“Masih sama?”
Varen mengangguk lesu. Menekuk punggungnya tanpa gairah seperti biasa.
“Bener kata dia, Ren. Lo ganti sasaran aja. Banyak yang nungguin cinta lo—terutama di SMA ini,” ungkap Septhian bersamaan dengan tangan kanannya yang menepuk-nepuk punggung Varen.
Bukan respons positif yang Septhian dapat, lengannya malah terhempas rampus.
“Gue datengin lo bukan buat minta gagasan itu! Apalagi lo suruh gue buat menyerah! Semangatin gue, dong!” sentak Varen gusar.
“Semangatin gimana lagi? Lo aja ditolak terus, nggak ada kemajuan.”
“Never give up moto gue.”
“Ngomong doang lo,” desis Septhian.
Varen merotasikan kedua bola matanya. Naik pitam meski tahu itu sia-sia. Lama-lama, Septhian justru menjatuhkan ambisinya alih-alih membakar semangat yang ia damba.
“Gue nggak peduli apa kata lo, Lana, ataupun orang lain.
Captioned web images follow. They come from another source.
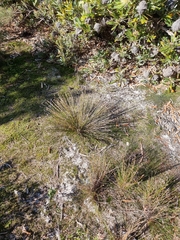 Schoenus ericetorum
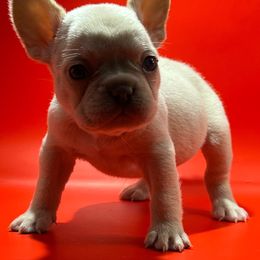 Nova - White French Bulldog puppy in San Leandro, California from City of Frenchies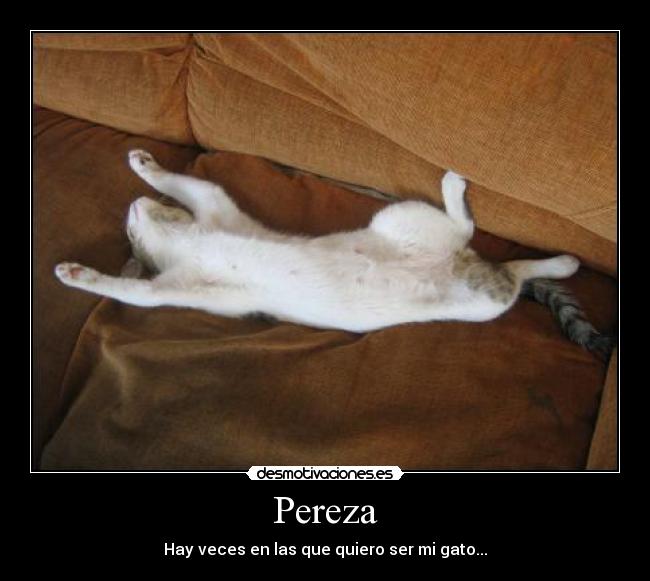 Pereza - Hay veces en las que quiero ser mi gato...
Gue bakal dapetin dia apa pun caranya. Gue nggak bakal menyerah sampai gue berhasil kelak. Gue yakin semesta kirim dia buat gue!"
“Lama-lama lo kayak tong kosong berbunyi nyaring,” kekeh Septhian.
“Lo remehin gue?!” sungut Varen. Jelas tak terima.
“Enggak. Gue cuma ... meragu.”
“Ini bukan suatu bualan!” Varen memukul mejanya sekilas. “Harapan gue kini harus terpenuhi. Gue harus dan akan dapetin Lana. Gue bakal buktiin sama dunia, juga semesta yang atur semuanya!”